Wnt stimulation inhibits β-catenin proteolysis, allowing accumulated cytoplasmic β-catenin to enter the nucleus, engage TCF/LEF transcription factors, and regulate Wnt target gene expression [1,2]. Signaling is initiated when Wnt ligands bind their transmembrane co-receptors, Frizzled and low-density lipoprotein receptor-related protein 5/6 (herein referred to as LRP6 for simplicity)(Figure 1B). Upon engagement of the co-receptors by Wnt, phosphorylation of LRP6 recruits Axin, forming a membrane-associated “LRP6 signaling complex,” which includes GSK3 and the cytoplasmic protein, Dishevelled (Dvl) [30-36]. In the prevailing model, recruitment of Axin to the LRP6 signaling complex inhibits the activity of the destruction complex (possibly via its disassembly), thereby stabilizing β-catenin [2].

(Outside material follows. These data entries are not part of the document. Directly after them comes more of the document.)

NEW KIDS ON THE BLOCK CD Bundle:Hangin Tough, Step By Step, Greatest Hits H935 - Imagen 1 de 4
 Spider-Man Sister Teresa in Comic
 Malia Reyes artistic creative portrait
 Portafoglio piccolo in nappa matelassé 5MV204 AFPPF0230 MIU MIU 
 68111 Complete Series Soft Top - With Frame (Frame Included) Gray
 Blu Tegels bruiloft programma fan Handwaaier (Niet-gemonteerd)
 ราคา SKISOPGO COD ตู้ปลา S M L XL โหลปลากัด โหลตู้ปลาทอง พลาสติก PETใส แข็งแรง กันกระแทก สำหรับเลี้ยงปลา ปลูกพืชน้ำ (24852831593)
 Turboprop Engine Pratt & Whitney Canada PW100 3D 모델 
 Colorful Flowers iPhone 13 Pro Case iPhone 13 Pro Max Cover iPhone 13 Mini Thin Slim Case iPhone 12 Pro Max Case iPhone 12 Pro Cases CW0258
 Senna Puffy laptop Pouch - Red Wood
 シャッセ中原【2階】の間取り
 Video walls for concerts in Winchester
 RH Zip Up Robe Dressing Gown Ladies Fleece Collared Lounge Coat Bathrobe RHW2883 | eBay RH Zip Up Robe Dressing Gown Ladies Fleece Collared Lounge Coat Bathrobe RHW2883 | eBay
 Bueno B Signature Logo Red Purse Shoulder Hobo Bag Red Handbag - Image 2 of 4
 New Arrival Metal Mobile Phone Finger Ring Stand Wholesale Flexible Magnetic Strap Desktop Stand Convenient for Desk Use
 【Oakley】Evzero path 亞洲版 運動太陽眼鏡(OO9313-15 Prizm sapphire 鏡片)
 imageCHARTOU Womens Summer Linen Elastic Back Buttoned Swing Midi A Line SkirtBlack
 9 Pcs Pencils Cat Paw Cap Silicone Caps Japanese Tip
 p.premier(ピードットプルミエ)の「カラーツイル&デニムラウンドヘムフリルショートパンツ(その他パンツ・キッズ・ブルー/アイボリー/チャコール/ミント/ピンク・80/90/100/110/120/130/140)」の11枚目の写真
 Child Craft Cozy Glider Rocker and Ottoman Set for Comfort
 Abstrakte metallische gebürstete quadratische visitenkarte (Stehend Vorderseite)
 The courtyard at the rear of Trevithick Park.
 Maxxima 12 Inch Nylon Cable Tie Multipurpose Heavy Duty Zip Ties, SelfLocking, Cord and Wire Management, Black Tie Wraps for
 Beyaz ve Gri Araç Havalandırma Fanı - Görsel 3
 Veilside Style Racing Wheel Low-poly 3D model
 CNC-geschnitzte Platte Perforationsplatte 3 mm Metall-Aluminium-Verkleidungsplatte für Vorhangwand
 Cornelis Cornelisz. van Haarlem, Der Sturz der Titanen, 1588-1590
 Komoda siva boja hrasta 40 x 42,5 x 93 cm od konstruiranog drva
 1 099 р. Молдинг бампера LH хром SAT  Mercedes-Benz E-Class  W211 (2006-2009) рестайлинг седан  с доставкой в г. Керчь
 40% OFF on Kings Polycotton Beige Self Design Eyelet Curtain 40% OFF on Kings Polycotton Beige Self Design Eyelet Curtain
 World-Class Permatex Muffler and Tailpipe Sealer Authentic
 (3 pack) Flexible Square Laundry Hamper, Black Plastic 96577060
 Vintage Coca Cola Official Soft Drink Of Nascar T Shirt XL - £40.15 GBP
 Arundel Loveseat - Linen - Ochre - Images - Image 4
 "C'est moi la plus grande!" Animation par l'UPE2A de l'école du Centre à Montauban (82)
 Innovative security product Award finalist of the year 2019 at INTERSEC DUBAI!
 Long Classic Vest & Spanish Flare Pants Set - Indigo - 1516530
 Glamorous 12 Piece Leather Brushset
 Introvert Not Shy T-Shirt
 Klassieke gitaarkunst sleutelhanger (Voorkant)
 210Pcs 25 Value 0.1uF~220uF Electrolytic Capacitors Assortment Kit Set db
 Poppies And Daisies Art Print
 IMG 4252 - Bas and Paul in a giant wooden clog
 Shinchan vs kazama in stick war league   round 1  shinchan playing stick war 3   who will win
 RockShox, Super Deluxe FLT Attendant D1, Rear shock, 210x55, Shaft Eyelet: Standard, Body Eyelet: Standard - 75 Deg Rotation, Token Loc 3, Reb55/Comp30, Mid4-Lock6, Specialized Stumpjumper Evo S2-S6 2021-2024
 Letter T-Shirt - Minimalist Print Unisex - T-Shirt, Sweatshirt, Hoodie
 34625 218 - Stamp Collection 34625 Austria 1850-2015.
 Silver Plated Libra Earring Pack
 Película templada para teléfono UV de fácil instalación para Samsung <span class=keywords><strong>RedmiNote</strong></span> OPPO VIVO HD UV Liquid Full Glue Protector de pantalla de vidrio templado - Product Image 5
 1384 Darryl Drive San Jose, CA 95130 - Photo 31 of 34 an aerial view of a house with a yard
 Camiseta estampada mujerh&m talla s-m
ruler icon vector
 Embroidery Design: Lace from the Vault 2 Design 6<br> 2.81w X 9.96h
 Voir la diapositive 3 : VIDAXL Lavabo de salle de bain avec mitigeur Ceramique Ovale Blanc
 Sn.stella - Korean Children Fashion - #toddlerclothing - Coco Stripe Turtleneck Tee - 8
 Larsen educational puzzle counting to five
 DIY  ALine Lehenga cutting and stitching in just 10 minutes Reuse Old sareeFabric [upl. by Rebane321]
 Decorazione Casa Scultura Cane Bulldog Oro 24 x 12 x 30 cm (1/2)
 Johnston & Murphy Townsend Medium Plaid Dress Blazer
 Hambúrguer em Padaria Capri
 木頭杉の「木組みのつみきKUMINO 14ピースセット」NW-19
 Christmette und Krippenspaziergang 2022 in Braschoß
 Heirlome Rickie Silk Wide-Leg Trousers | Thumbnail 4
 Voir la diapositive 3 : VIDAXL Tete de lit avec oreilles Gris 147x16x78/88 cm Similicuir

Axin: double agent in dueling complexes

Axin is a pivotal player in the central switch that regulates Wnt-induced stabilization of β-catenin. The concentration of Axin is several orders of magnitude lower than that of other destruction complex components [37,38]. Because Axin is a required scaffold for the destruction complex, its limiting concentration dictates the amount of β-catenin that is targeted for proteolysis [39,40]. Upon Wnt stimulation, Axin switches roles to provide a scaffold for the LRP6 signaling complex, a function facilitated by its binding to LRP6, Dvl, and GSK3 (Figure 1B). By bringing GSK3 in proximity with LRP6, Axin promotes further LRP6 phosphorylation, creating a positive feedback loop [35]. Phospho-LRP6 subsequently inhibits β-catenin degradation to promote signaling [41-43].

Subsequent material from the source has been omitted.